Despite its strengths, our single-center cohort study has important limitations, which include its retrospective nature and likely idiosyncratic selection bias inherent to institutional and physician preferences. Furthermore, we did not control for perceived feasibility of resection or surgeon, which may significantly influence treatment type. The infrequent use of focal therapy at our institution also may have affected our findings. Renal mass biopsy results may influence management, and that data was not included in the current study. While we controlled for comorbidities, current comorbidity metrics such as the CCI are imperfect and additional variables which influence competing risks to mortality (e.g. frailty) likely contributed to treatment selection. Despite these limitations, our data are novel, provide opportunities for new avenues of investigation, and deserve verification in other cohorts.
Conclusions
Our findings demonstrate that the anatomical features of renal masses are associated with patient selection for Active Surveillance. Recent data suggesting that worse tumor biology is associated with anatomic tumor complexity indicate there may be a biological basis for placing smaller, less central, peripheral, polar and non-hilar lesions on AS in the appropriate clinical circumstance.
Acknowledgments
The authors acknowledge Debra Kister and Michelle Collins for their expertise and support of the Fox Chase Kidney Cancer Database.

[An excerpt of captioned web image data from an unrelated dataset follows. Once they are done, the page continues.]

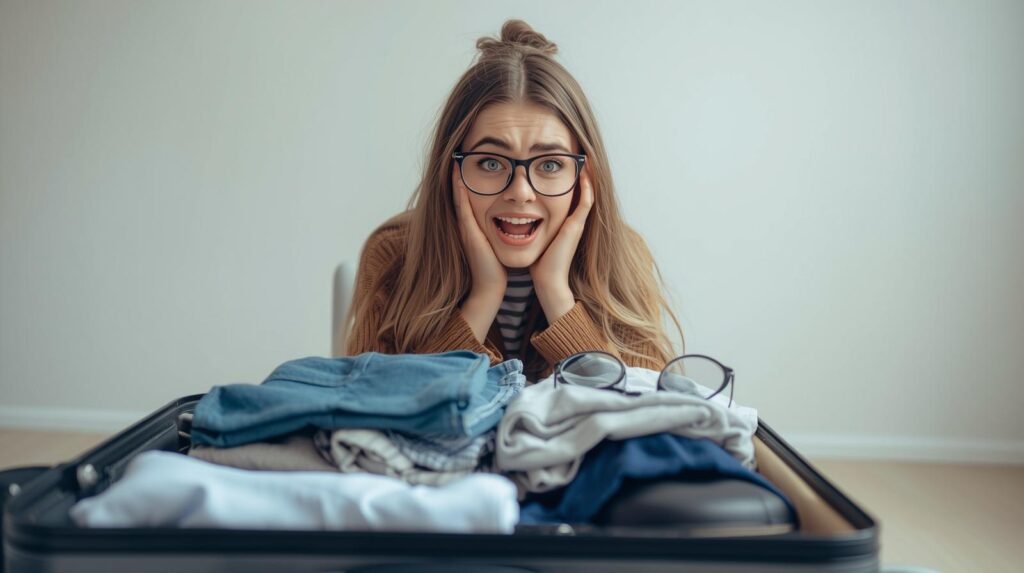 First Time Packing Guide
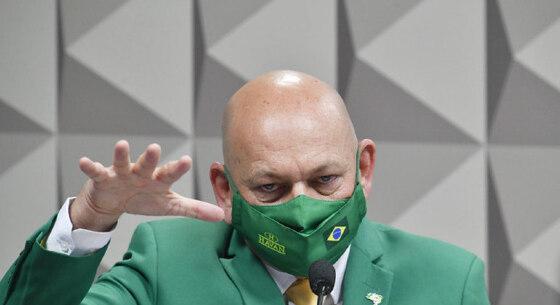 O dono da Havan, Luciano Hang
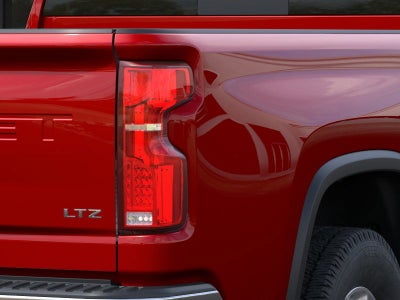 2026 Chevrolet Silverado 3500 HD LTZ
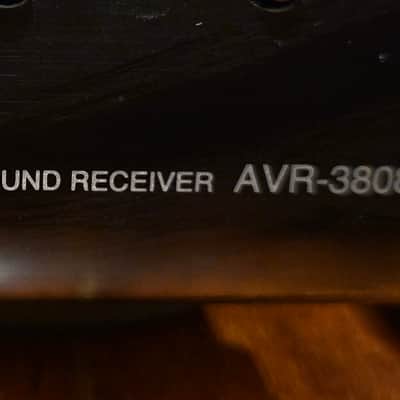 Denon AVR-3808CI 7.1 Channel Network A/V Receiver - 130Wpc App/Web Control image 6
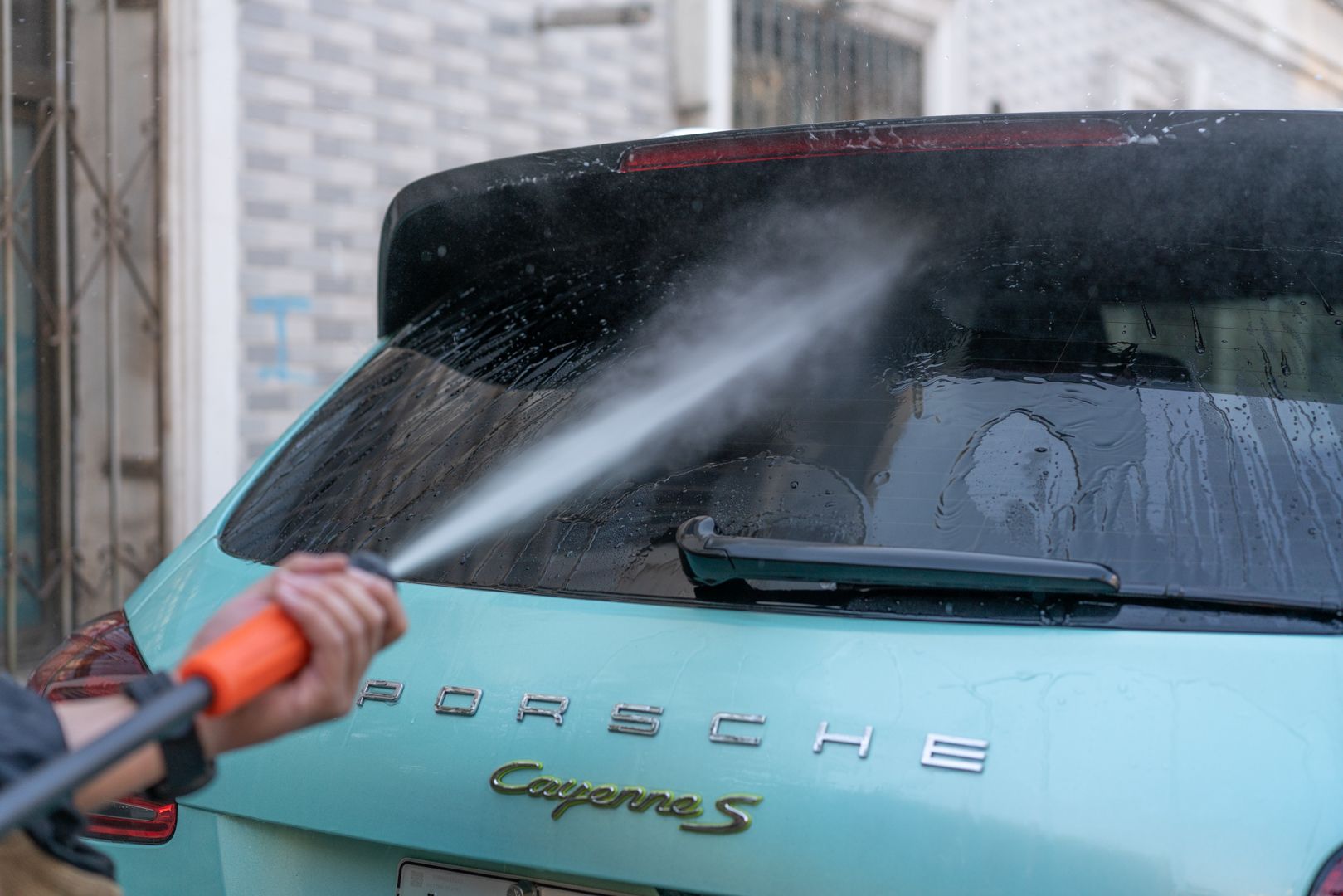 绿田悟空g5洗车机,绿田t5洗车机评测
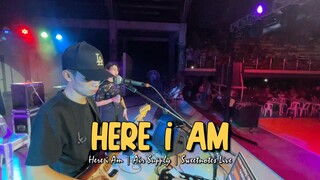 Here i Am | Air Supply | Sweetnotes Live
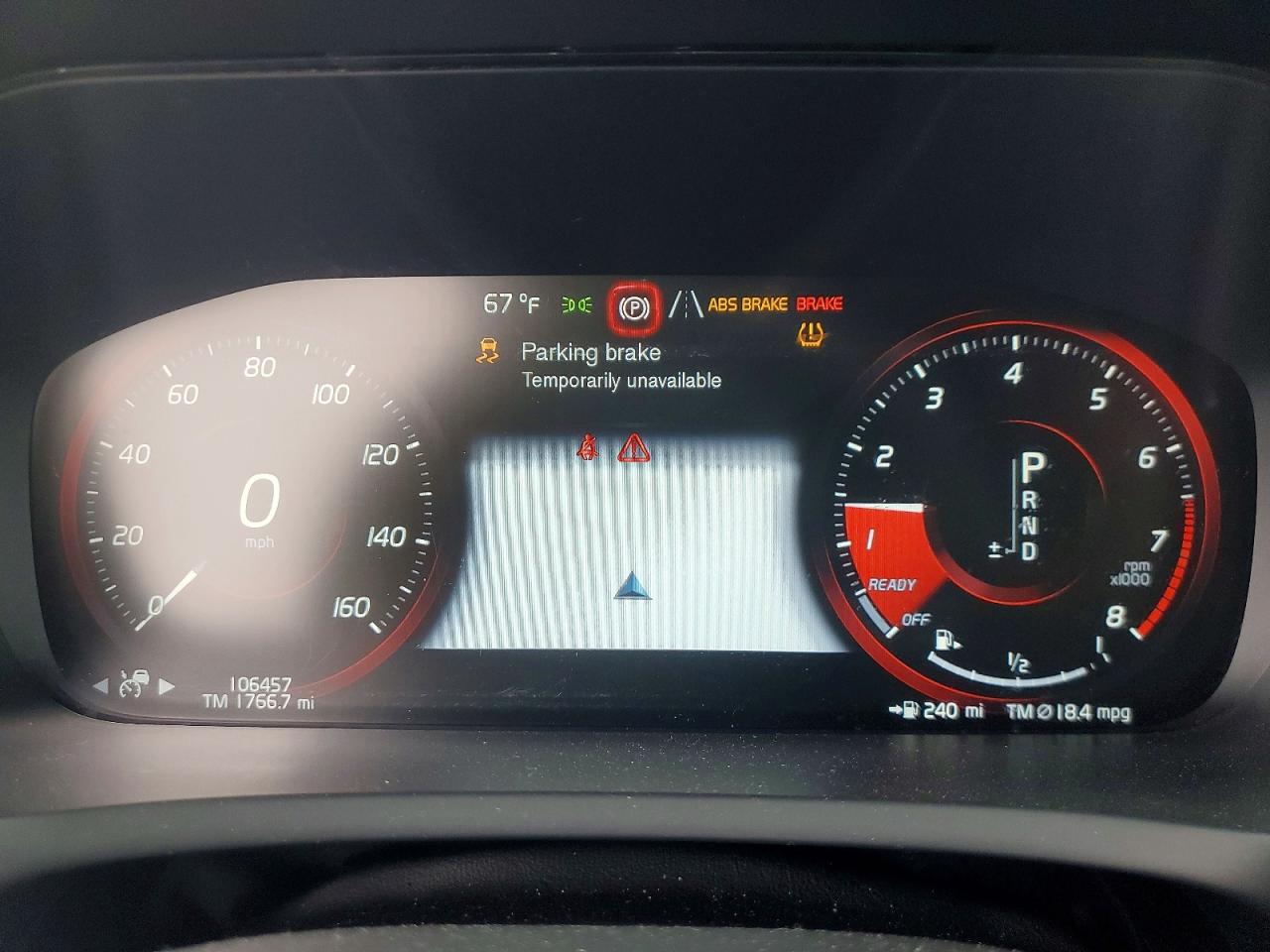 2018 VOLVO XC90 T6 photo 9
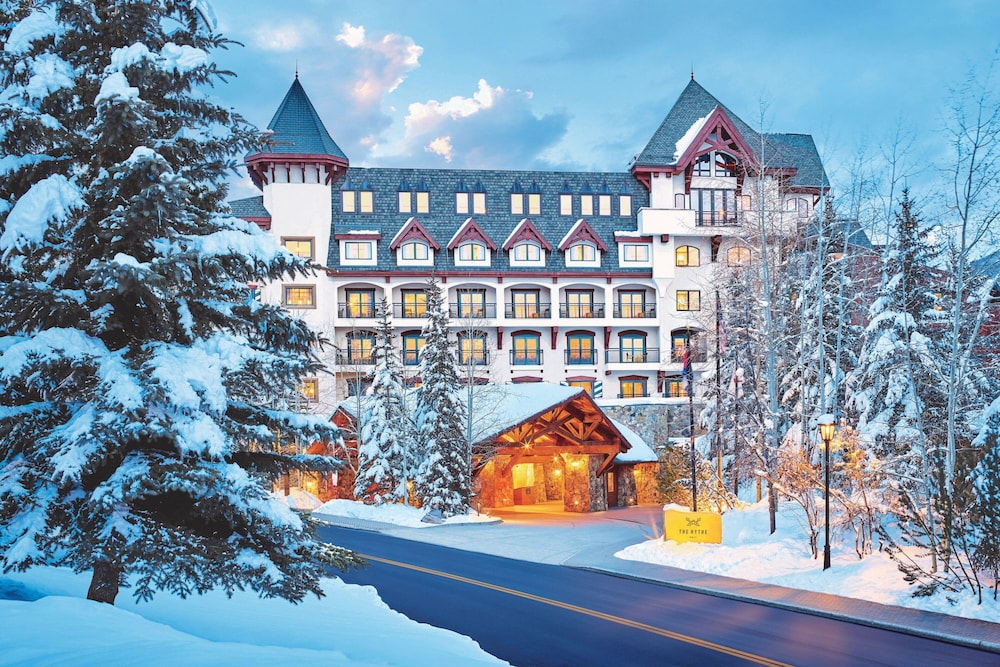 The Hythe, a Luxury Collection Resort, Vail 2/78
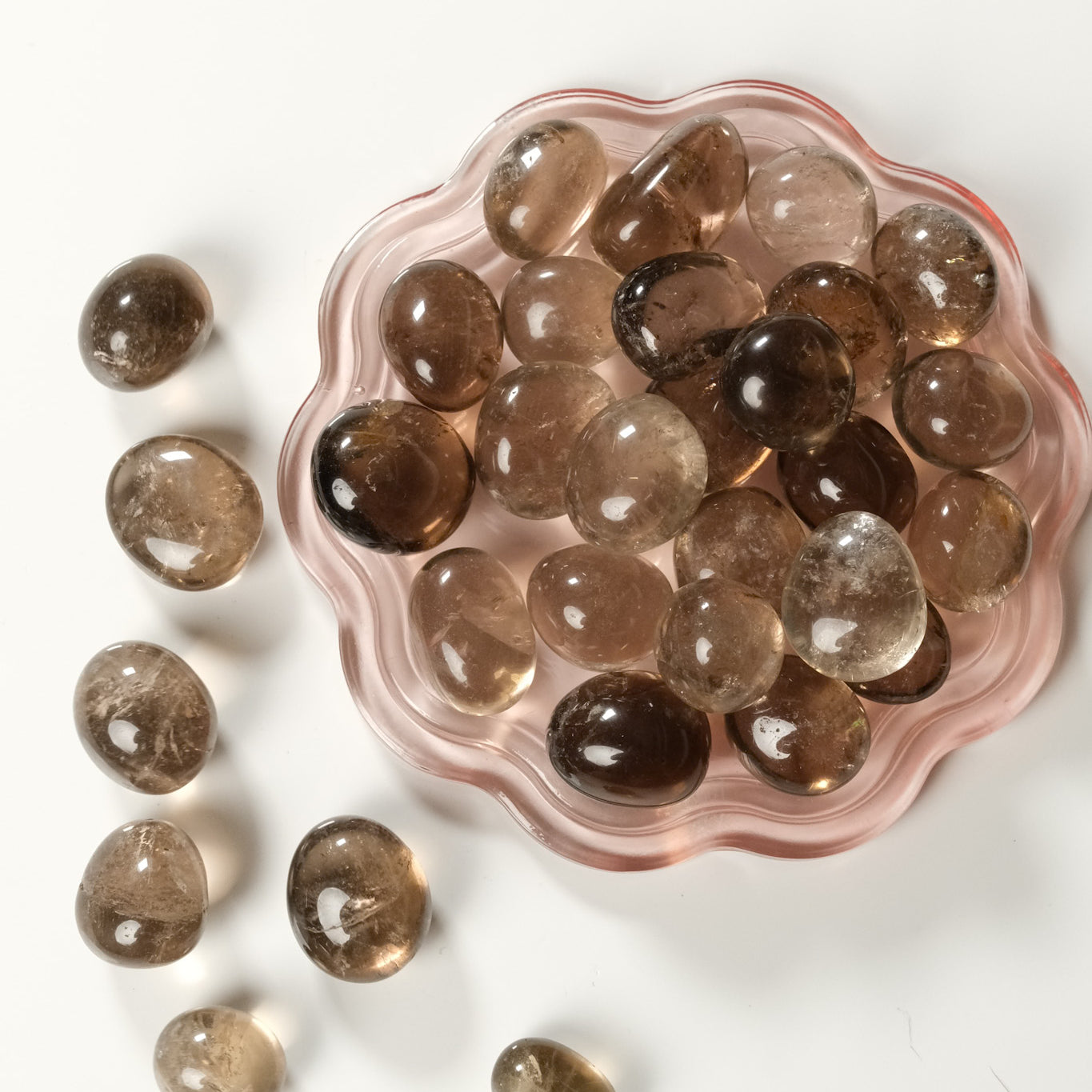 Smoky Quartz Tumble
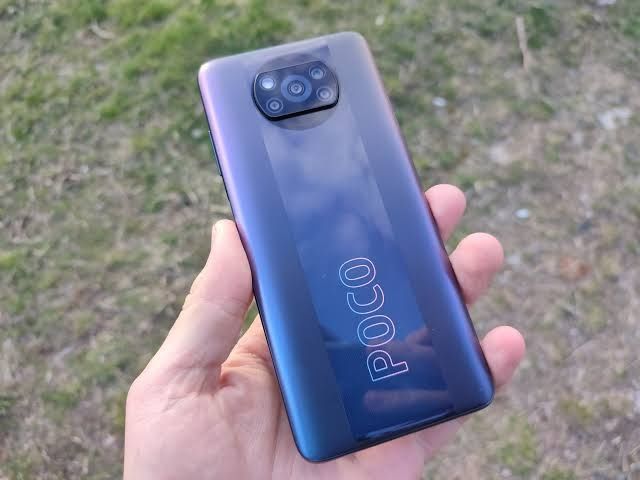 POCO X3 Pro 265 GB б/у

Состояние хорошее, всё работает без проблем:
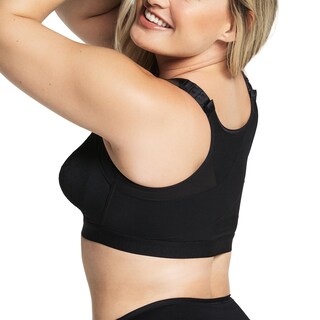 Foto 1 | Foto 1 | Sujetador Inalámbrico Posture Corrector Para La Espalda Leonisa Black - Venta Internacional.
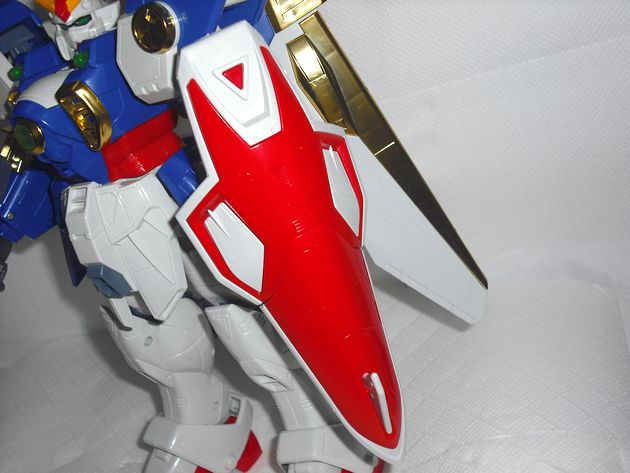 電装機動変形DXウイングガンダム : DXセイバーベース 電装機動変形DXウイングガンダム : DXセイバーベース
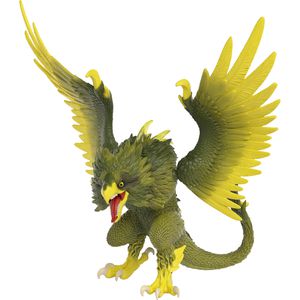 schleich Spielfigur ELDRADOR 70854, ab 7 Jahre, Dschungelgreifvogel, 15 x 12 cm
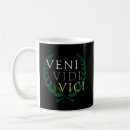 Search for veni mugs Latin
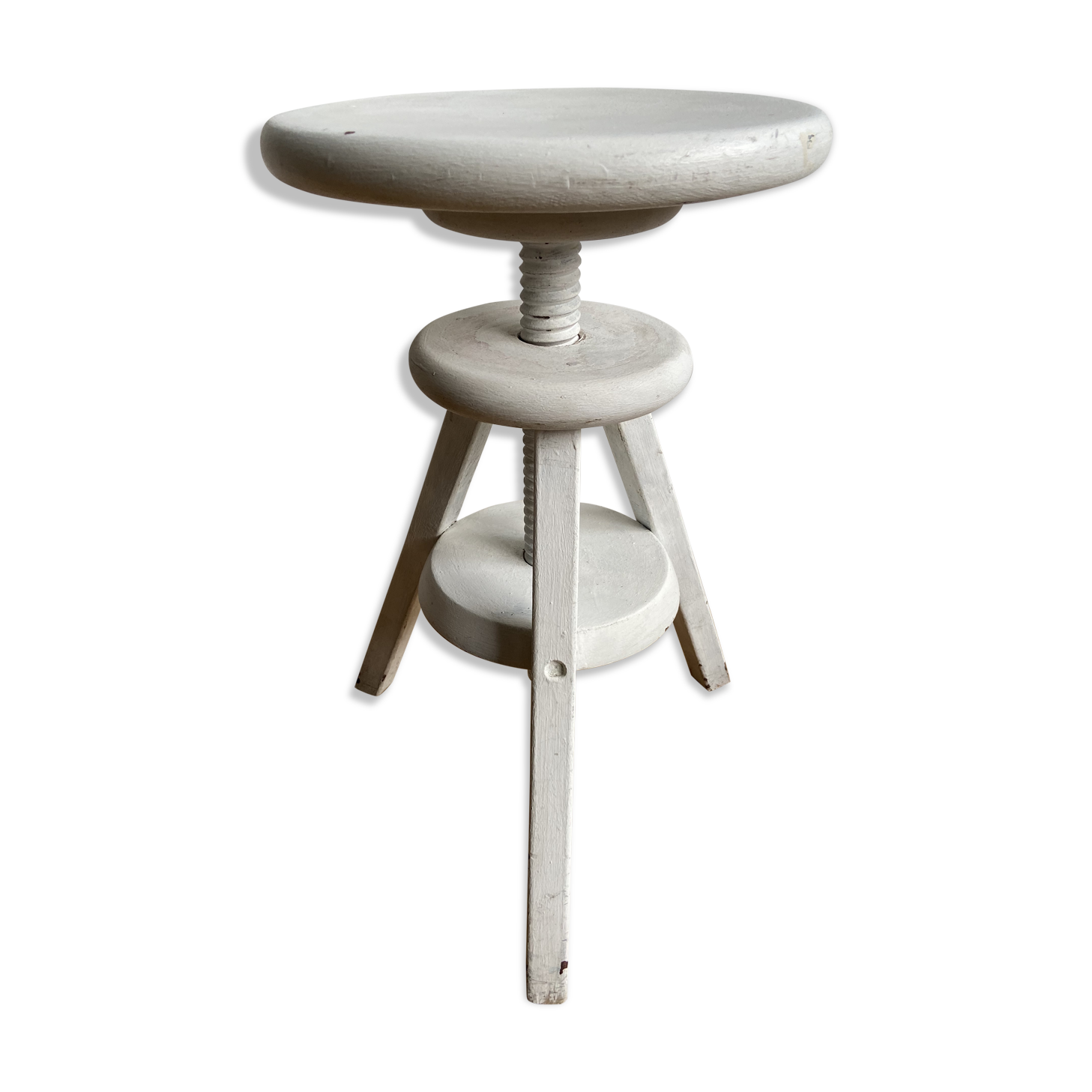 White-wood architect's snuff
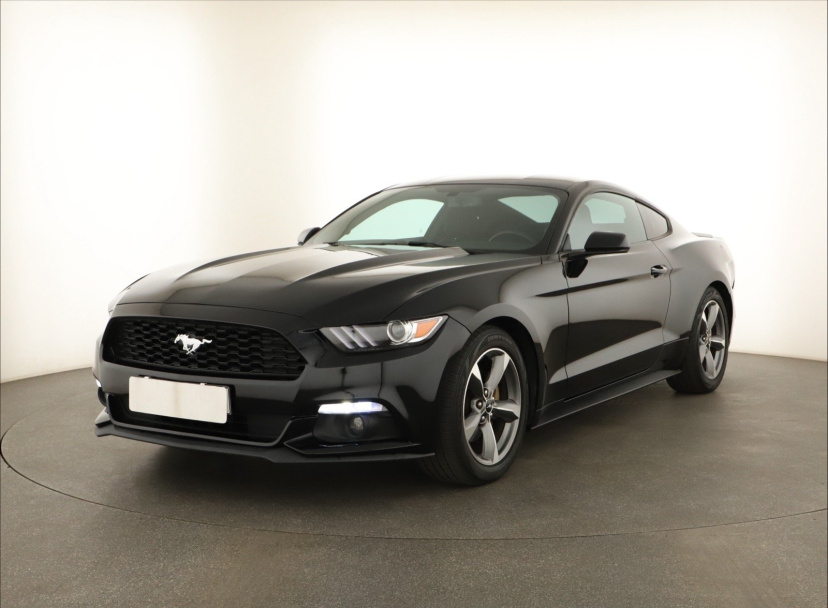 Ford Mustang, 2016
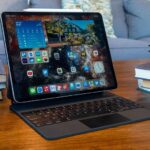 ОС iPad Pro 12.9 (2022)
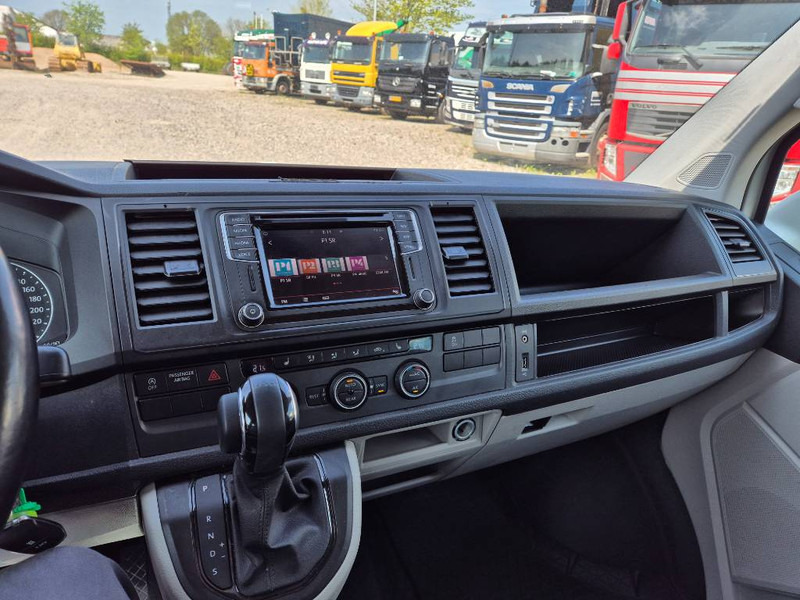 Αυτοκίνητο Volkswagen Caravelle 4x4 // 4motion 8 person bus Long: φωτογραφία 16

Funding/Support and role of the sponsor: This publication was supported in part by grant number P30 CA006927 from the National Cancer Institute and by the Department of Defense, Physician Research Training Award (AK). Its contents are solely the responsibility of the authors and do not necessarily represent the official views of the National Cancer Institute, the National Institutes of Health, or the Department of Defense. Additional funds were provided by Fox Chase Cancer via institutional support of the Kidney Cancer Keystone Program.